These are a series of sound sculptures and sound installations that I worked on in the years 1995-97.

Double Diamond Hitch Bridles, horsehair, yokes, bells and chimes. The Title Piece of my Senior Fellowship Exhibition at Dartmouth College. Using the domestication of animals as a metaphor for the control over women’s bodies and identities, this project was a reflection on re-sounding the body, and breaking down patriarchal structures.

Rooted Long String Installation. Root, animal hair, harpsichord wires, contact mics, speakers.

When you touch the root-body, it vibrates and resonates the room.

The Stringalope A tree branch, violin parts, horsehair, guitar strings, contact mics, bow.
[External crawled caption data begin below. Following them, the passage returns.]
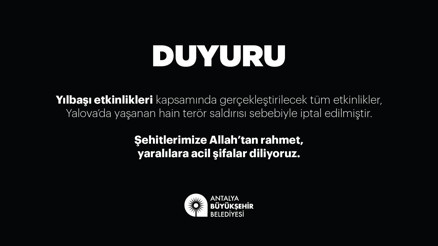 Antalyada yılbaşı etkinlikleri iptal edildi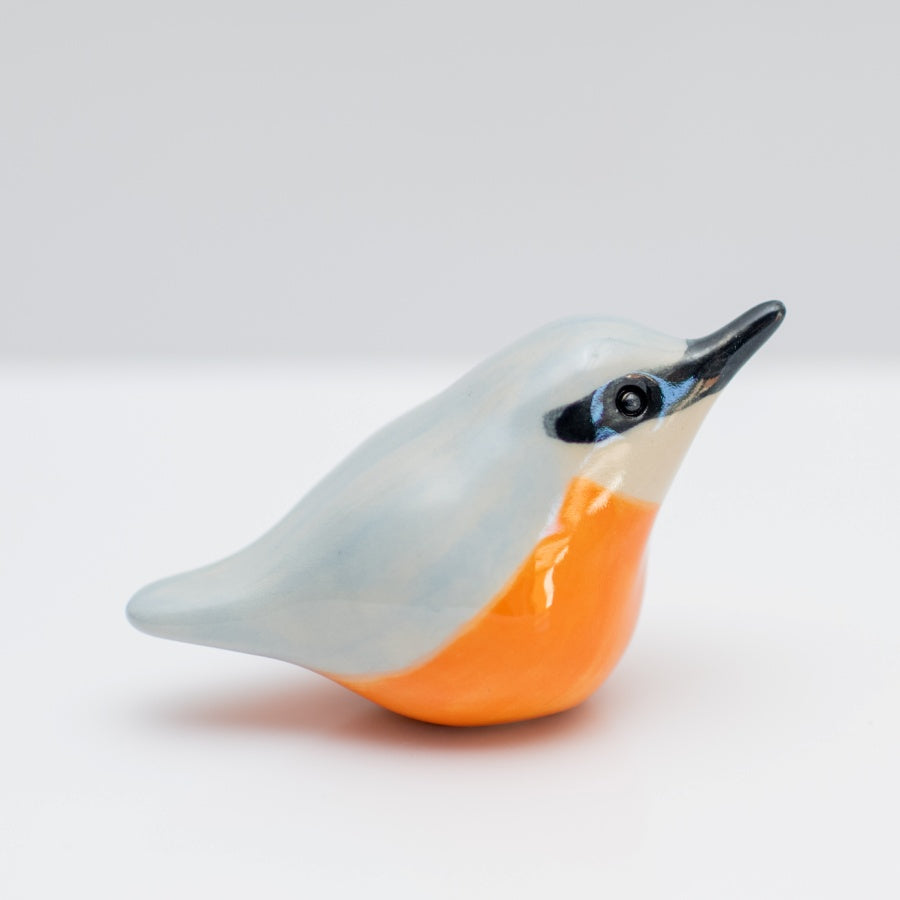 Small Ceramic Nuthatch Sculpture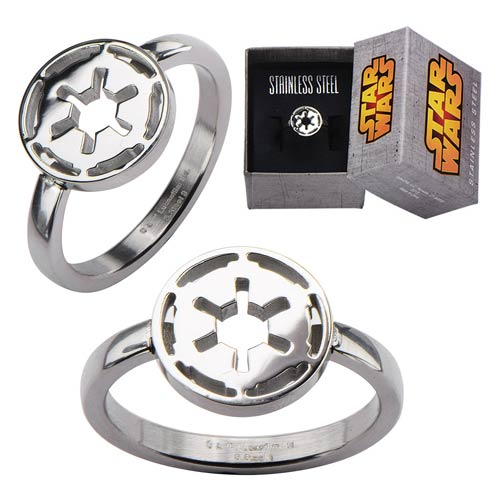 Star Wars Imperial Symbol Cut Out Ring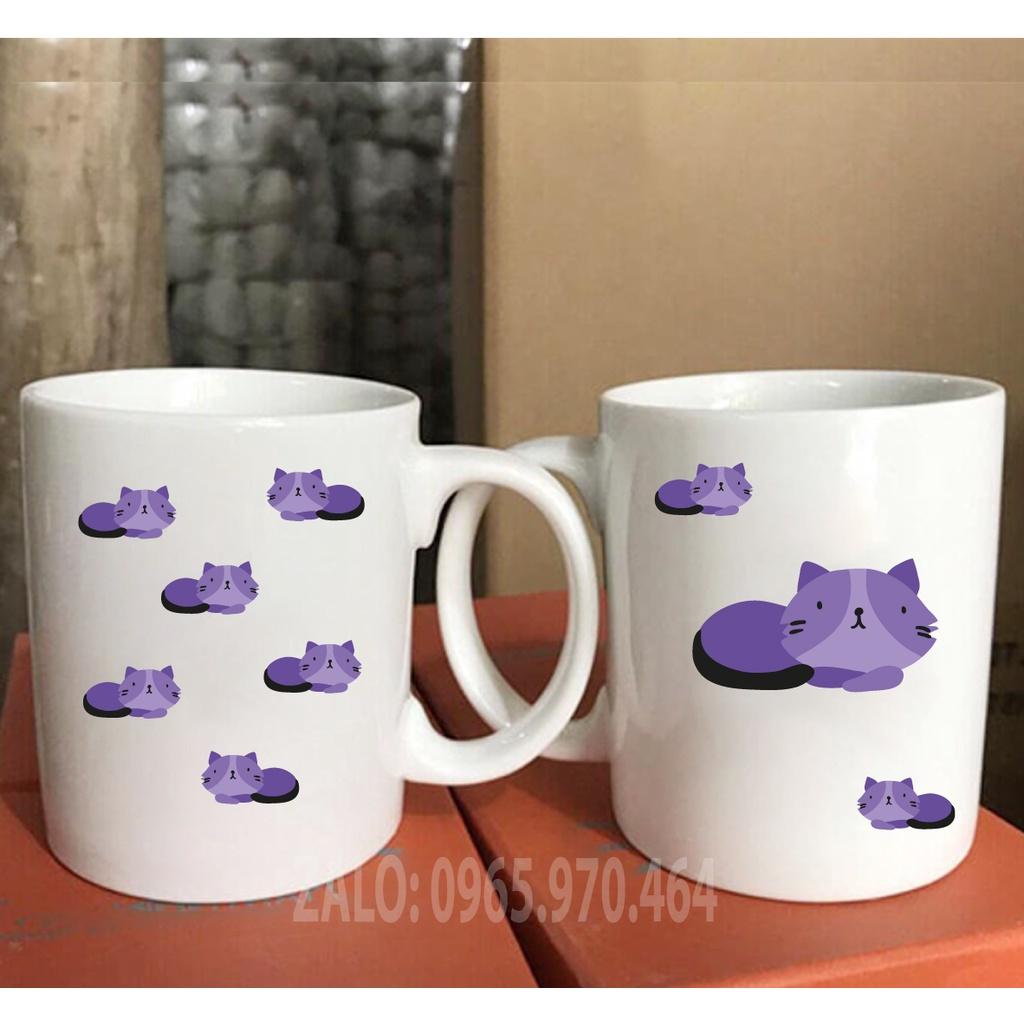 Ly Sứ Có Quai Họa Tiết Con MÈO Siêu Dễ Thương - In hình lên ly sứ, cốc theo yêu cầu của bạn - HÌNH LỚP, CÔNG TY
A body-instrument: A hybrid of a tree branch with classical musical instruments and electronic contact mics. During the show, classical cellists would try to perform pieces that were performable and entirely unperformable.
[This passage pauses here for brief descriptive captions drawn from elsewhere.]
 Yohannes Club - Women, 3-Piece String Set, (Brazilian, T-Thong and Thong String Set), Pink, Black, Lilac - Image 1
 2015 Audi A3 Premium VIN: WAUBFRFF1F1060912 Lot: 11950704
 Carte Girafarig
The Stringalope (Installation View) A tree branch, violin parts, horsehair, guitar strings, contact mics, bow. The Stringalope installed alongside impressions of animal and human foot traces along the wall. The search for another way of being human in the world.
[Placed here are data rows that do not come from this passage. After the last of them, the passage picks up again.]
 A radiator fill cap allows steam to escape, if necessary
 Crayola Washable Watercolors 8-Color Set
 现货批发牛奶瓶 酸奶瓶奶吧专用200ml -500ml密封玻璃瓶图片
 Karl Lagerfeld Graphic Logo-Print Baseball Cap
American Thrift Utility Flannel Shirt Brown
The Dyad Project: Volumes XI and XII Project in collaboration with Ray Guillette.

Altered Encyclopedia Brittanica’s with contact mics and mic inputs. The contact mics inside functioned both as direct sound mics as well as midi inputs for a program called MAXX to generate chaotic systems of pre-recorded language syllables. While performing and touching the contact mic in the encyclopedias, the chaotic generated syllables would unform and reform words- the breakdown and reforming of language and the rethinking of Englightenment structures of thinking..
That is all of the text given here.